I got your emails and I apologize for not making it back in time to support the group buy (I got busy and fell asleep at the wheel on this).  Thank You for keeping me in mind, I will watch for another group buy down the road.


----------



## Mikey (Feb 21, 2006)

> _Originally posted by Mikey_
> <br />This post saved for orders.
> 
> Mikey- 10
> ...


----------



## Mikey (Feb 21, 2006)

Wow, that was wierd. I tried to edit the original post and it posted here[?] Anyway...

Craft Supplies returned my e-mail today with some info. this is what is going on:
*******************************************************************************
Bushings for the Emperor and Jr Gent VII and Jr Statesman VII are on order. They say the Jr bushings are due end of Feb and the Emperor bushings due mid March.

Statesman 0324 is B/O but due in by month end.

Sketch Pencil 5009 is due within next three weeks.

Jr pens 2328/0353 are in stock, but there is an issue with the end caps on ALL pens with this number, posting or smooth. New end caps are on the way, but no exact date has been specified for arrival. They will not ship until new end caps come in.
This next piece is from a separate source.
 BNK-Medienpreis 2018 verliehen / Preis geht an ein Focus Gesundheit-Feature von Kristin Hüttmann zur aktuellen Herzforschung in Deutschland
*******************************************************************************

It's only Tuesday and all but 8 people have their funds in. I can place the order by end of the week for most items, but the amount of backordered items makes me wonder if I shouldn't wait a few extra days. I have no problem with sending out a few kits and bushings after the fact as I know a lot of you are expecting more than just some Jr Gent kits. 

Please weigh in with some comments as to how you guys would like your stuff delivered. (do you want whatever is available now, or are you willing to wait a week to get more stuff with your box?)

Mike(y)


----------



## wudwrkr (Feb 21, 2006)

Mike,
I'm not in a rush for my stuff so I can wait until the sketch pencils come in.  Maybe you can get CSU to drop ship those items on backorder?  Have you asked them about that?  It wouldn't be fair for you to have to do double shipping to people.


----------



## thetalbott4 (Feb 21, 2006)

I dont mind waiting, as these arent for an order. Having to ship more than once per order would be a bummer for you. I cant imagine how confusing that could get.


----------



## jkoehler (Feb 21, 2006)

Mike,
I am not in any hurry.
you can send them when you get everything.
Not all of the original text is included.